• DATASET CONTENT:
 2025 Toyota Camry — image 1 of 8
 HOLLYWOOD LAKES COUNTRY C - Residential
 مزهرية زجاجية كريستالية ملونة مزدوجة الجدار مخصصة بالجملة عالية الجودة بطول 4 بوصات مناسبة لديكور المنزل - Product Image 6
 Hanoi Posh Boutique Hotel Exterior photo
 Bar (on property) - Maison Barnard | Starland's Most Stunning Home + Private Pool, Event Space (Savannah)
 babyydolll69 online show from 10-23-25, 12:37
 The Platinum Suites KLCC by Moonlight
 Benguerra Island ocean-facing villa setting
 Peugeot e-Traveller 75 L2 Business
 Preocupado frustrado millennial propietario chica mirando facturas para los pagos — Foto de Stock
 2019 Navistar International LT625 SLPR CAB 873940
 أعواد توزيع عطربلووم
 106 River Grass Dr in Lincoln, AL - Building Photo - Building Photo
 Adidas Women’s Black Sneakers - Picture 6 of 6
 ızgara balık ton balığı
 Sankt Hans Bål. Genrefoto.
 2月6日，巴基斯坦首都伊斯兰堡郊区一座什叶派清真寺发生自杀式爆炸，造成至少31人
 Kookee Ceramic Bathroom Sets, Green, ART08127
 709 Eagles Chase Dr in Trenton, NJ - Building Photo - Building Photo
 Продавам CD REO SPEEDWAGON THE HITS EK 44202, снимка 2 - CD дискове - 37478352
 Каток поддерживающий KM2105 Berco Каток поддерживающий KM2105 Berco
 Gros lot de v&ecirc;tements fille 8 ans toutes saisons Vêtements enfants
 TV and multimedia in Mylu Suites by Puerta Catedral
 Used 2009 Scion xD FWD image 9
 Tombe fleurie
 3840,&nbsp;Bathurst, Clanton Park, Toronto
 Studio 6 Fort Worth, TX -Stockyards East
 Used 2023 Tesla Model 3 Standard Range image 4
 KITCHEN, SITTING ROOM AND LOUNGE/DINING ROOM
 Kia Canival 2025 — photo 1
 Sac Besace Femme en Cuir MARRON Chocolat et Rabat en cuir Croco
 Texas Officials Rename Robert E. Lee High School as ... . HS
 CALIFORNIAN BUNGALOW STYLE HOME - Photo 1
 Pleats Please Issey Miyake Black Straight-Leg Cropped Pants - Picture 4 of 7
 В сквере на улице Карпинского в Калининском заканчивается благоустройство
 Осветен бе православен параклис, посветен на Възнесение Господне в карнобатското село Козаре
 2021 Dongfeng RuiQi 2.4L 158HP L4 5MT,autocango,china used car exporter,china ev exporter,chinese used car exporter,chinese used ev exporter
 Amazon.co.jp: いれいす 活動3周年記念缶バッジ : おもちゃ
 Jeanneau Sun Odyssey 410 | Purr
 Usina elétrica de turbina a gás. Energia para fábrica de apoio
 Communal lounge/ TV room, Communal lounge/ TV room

• WORK ORDER:
Within the material above, output exactly the lines from the one with "TV and multimedia" through the one with "2021 Dongfeng RuiQi", end lines included, and nothing besides.

• EXERCISE RESPONSE:
 TV and multimedia in Mylu Suites by Puerta Catedral
 Used 2009 Scion xD FWD image 9
 Tombe fleurie
 3840,&nbsp;Bathurst, Clanton Park, Toronto
 Studio 6 Fort Worth, TX -Stockyards East
 Used 2023 Tesla Model 3 Standard Range image 4
 KITCHEN, SITTING ROOM AND LOUNGE/DINING ROOM
 Kia Canival 2025 — photo 1
 Sac Besace Femme en Cuir MARRON Chocolat et Rabat en cuir Croco
 Texas Officials Rename Robert E. Lee High School as ... . HS
 CALIFORNIAN BUNGALOW STYLE HOME - Photo 1
 Pleats Please Issey Miyake Black Straight-Leg Cropped Pants - Picture 4 of 7
 В сквере на улице Карпинского в Калининском заканчивается благоустройство
 Осветен бе православен параклис, посветен на Възнесение Господне в карнобатското село Козаре
 2021 Dongfeng RuiQi 2.4L 158HP L4 5MT,autocango,china used car exporter,china ev exporter,chinese used car exporter,chinese used ev exporter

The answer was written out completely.